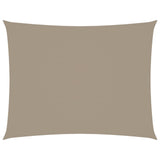 Vidaxl Sunshade rectangulaire 2,5x3,5 m Oxford tissu taupe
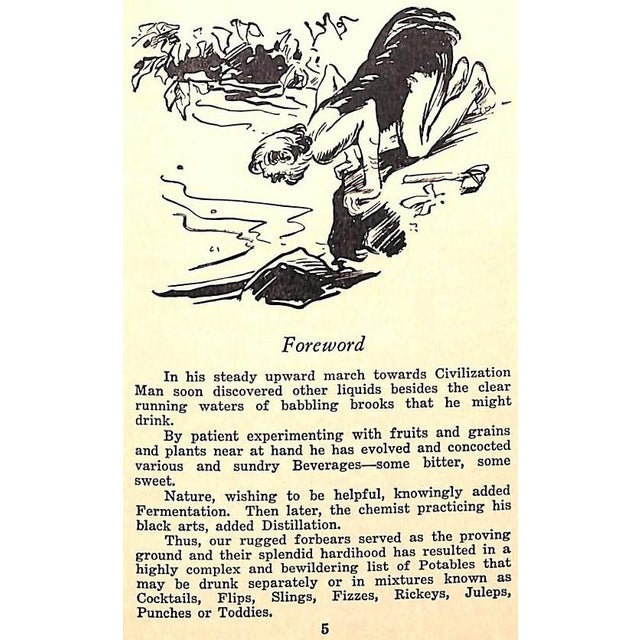 Paper "How to Mix Drinks" 1936 Edwards, Bill For Sale - Image 7 of 12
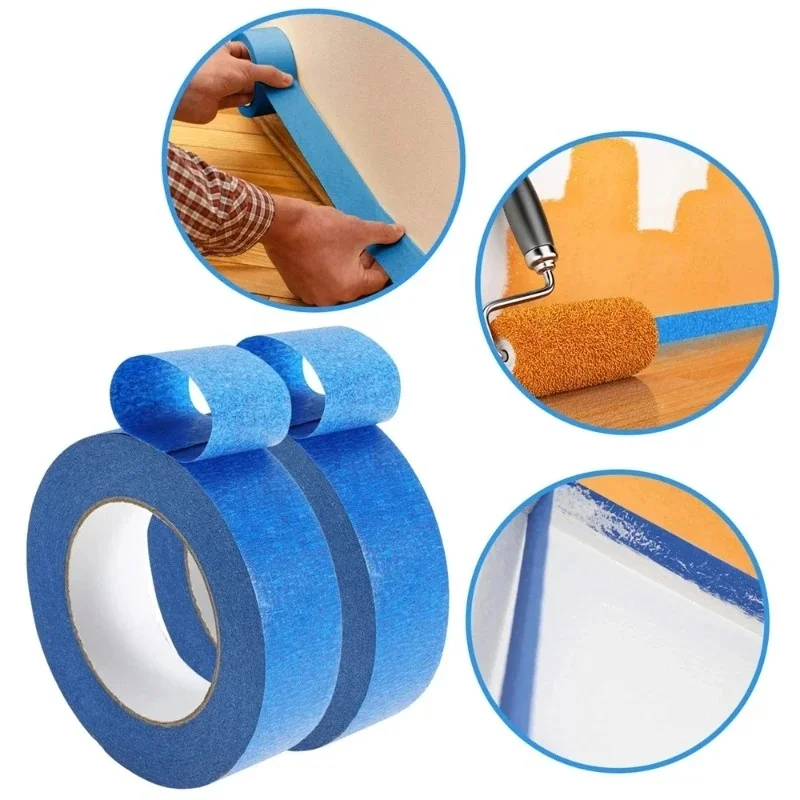 3 Roll/Set Paint Tape Multi-Su - Woodworking Mask ulasan dan harga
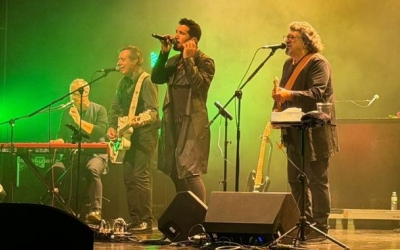Un dels moments del concert d'aquest dissabte a la Faràndula | RàdioSabadell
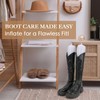kilofly Inflatable Boot Shapers [Set of 6 Pairs] - Extra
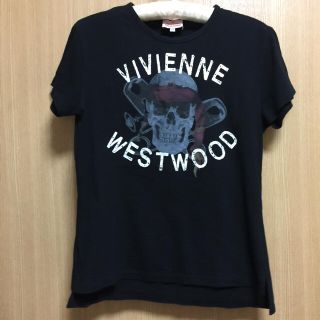 ヴィヴィアンウエストウッド(Vivienne Westwood)の10／4までミキ様専用  価格     Vivianne Westwood 黒 (Tシャツ/カットソー(半袖/袖なし))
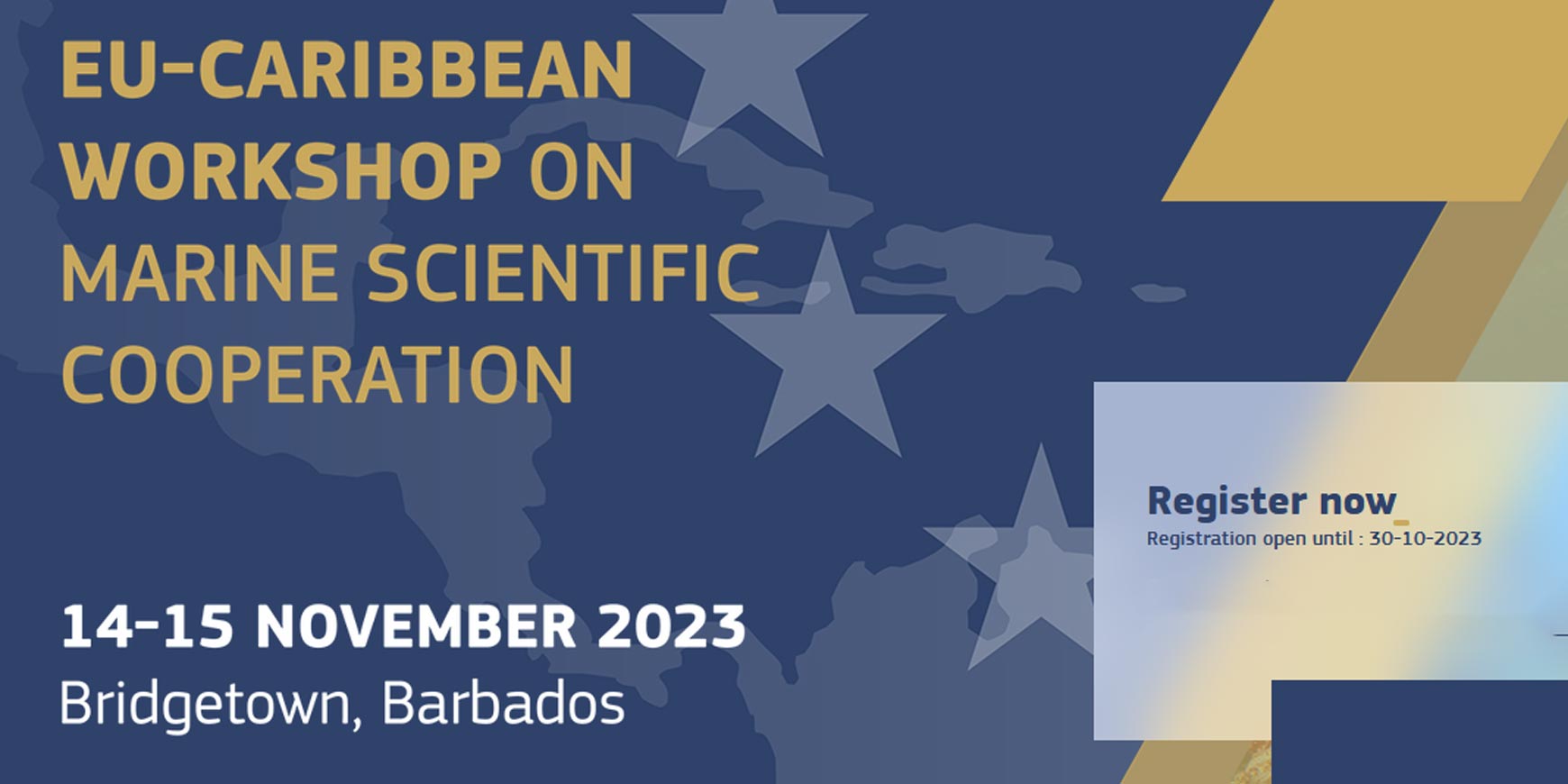 EU-Caribbean Workshop on Marine Scientific Cooperation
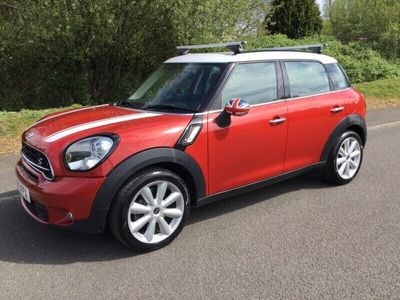 Mini Cooper SD Countryman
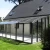 Import Aluminum glass sunroom/glass house from China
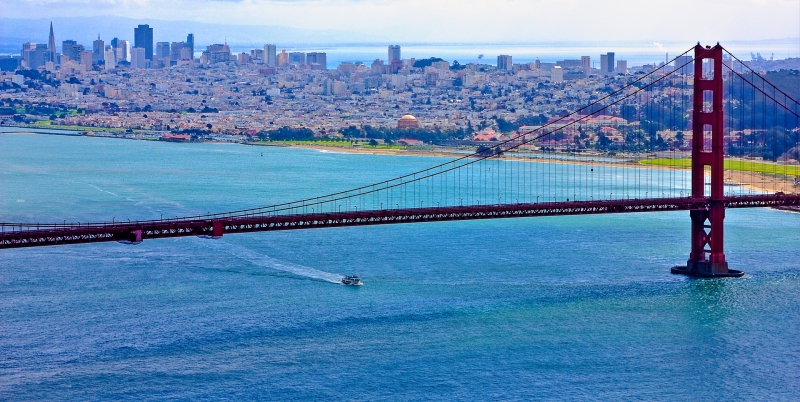 GOLDEN GATE BRIDGE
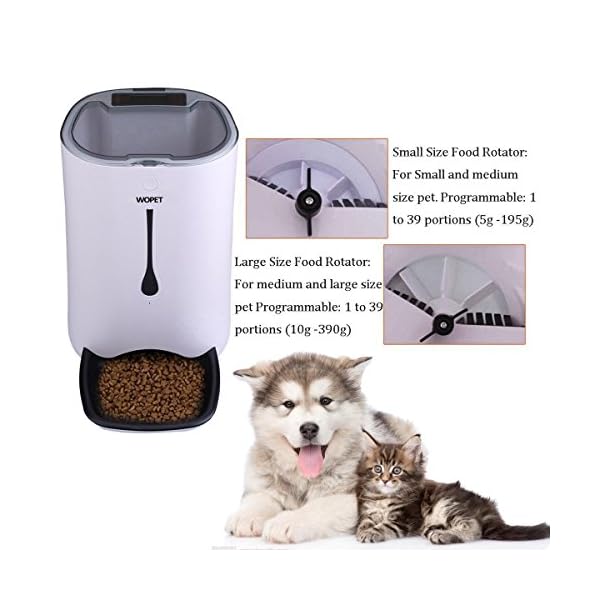 wopet 7l pet feeder manual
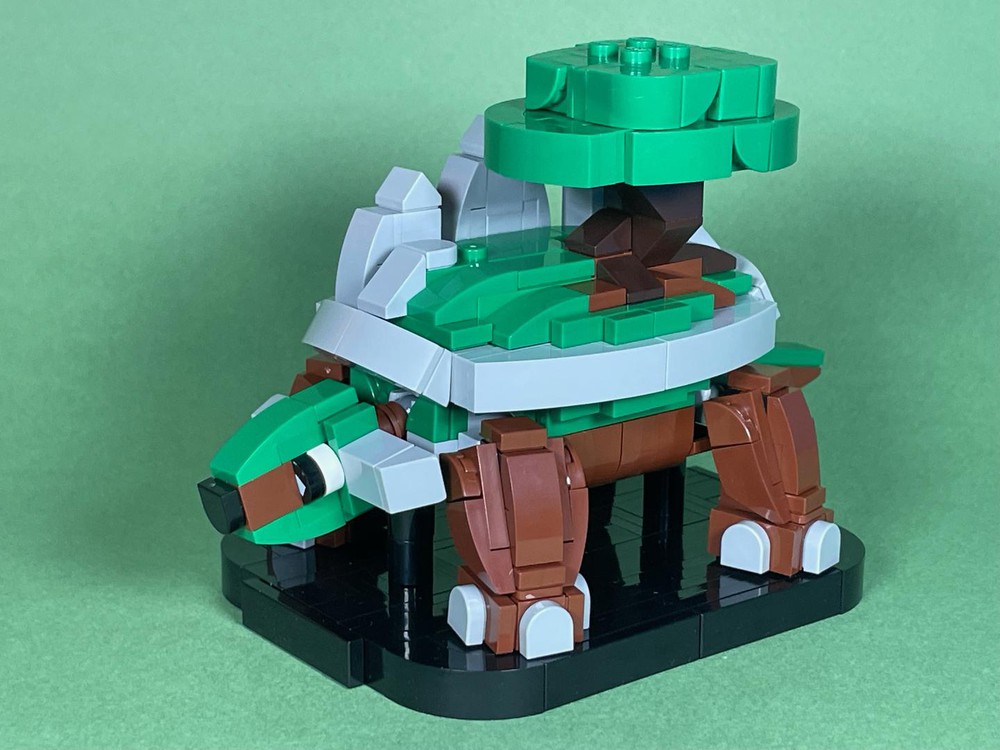 LEGO MOC Pokemon Torterra by Built_By_Brix | Rebrickable - Build with LEGO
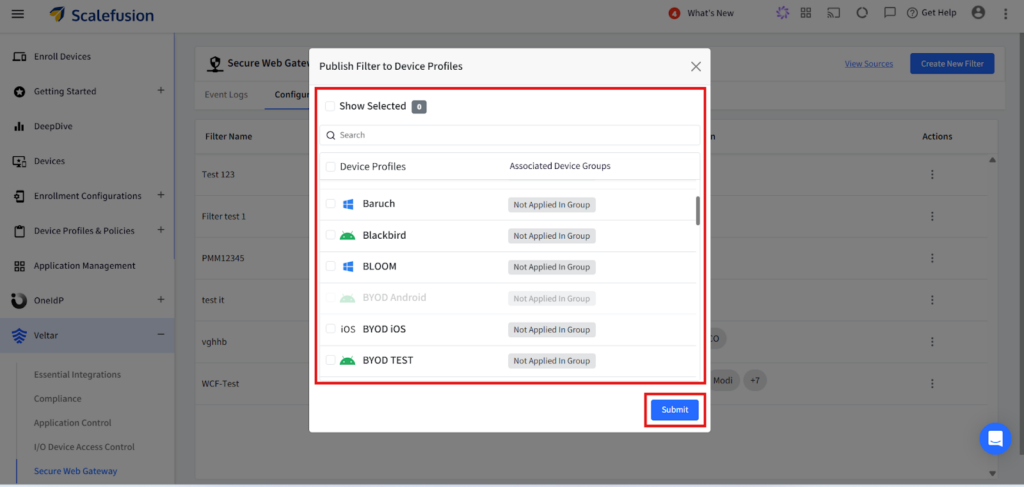 How to block trackers on chrome by policy enforcement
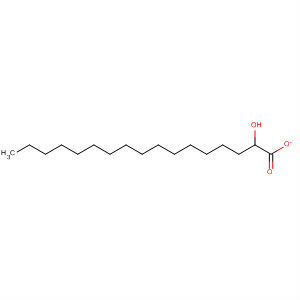 1-Hexadecanol, formate molecular structure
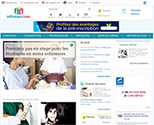 Refonte INfirmiers.com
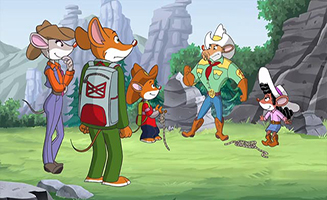 Geronimo Stilton S01E03 Stop Acting Around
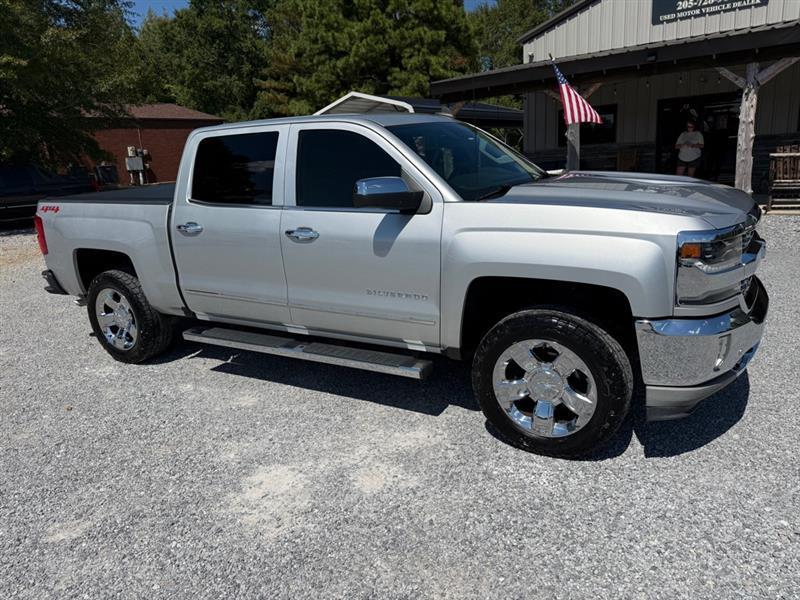 Chevrolet Silverado 1500 LTZ Crew Cab 4WD 2018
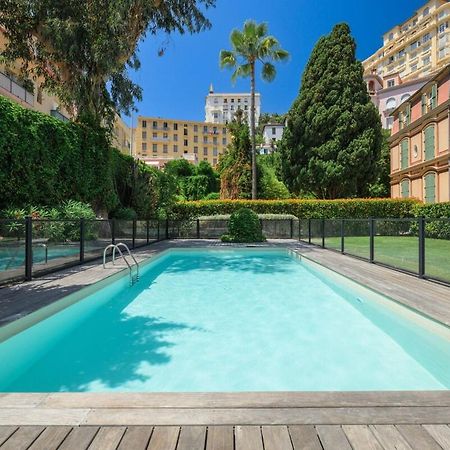 Апартаменты Le Coq Wagner - Garage - Swimming Pool Ментона Экстерьер фото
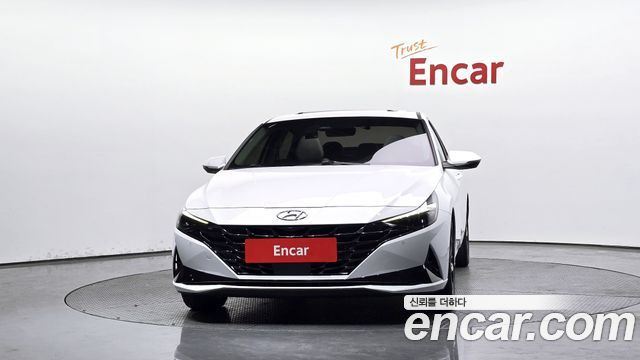 Hyundai AVANTE из Кореи Encar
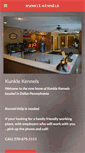 Mobile Screenshot of kunklekennel.com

++++++++++

*Problem requirements*:
Take the material above from the line containing "Westwood 黒 (Tシャツ/カットソー(半袖/袖なし))" up to and including the line containing "LEGO MOC Pokemon" and retype it exactly, without any pictures.

*Exercise answer*:
 ヴィヴィアンウエストウッド(Vivienne Westwood)の10／4までミキ様専用  価格     Vivianne Westwood 黒 (Tシャツ/カットソー(半袖/袖なし))
 EU-Caribbean Workshop on Marine Scientific Cooperation
 Mini Cooper SD Countryman
 Import Aluminum glass sunroom/glass house from China
 GOLDEN GATE BRIDGE
 wopet 7l pet feeder manual
 LEGO MOC Pokemon Torterra by Built_By_Brix | Rebrickable - Build with LEGO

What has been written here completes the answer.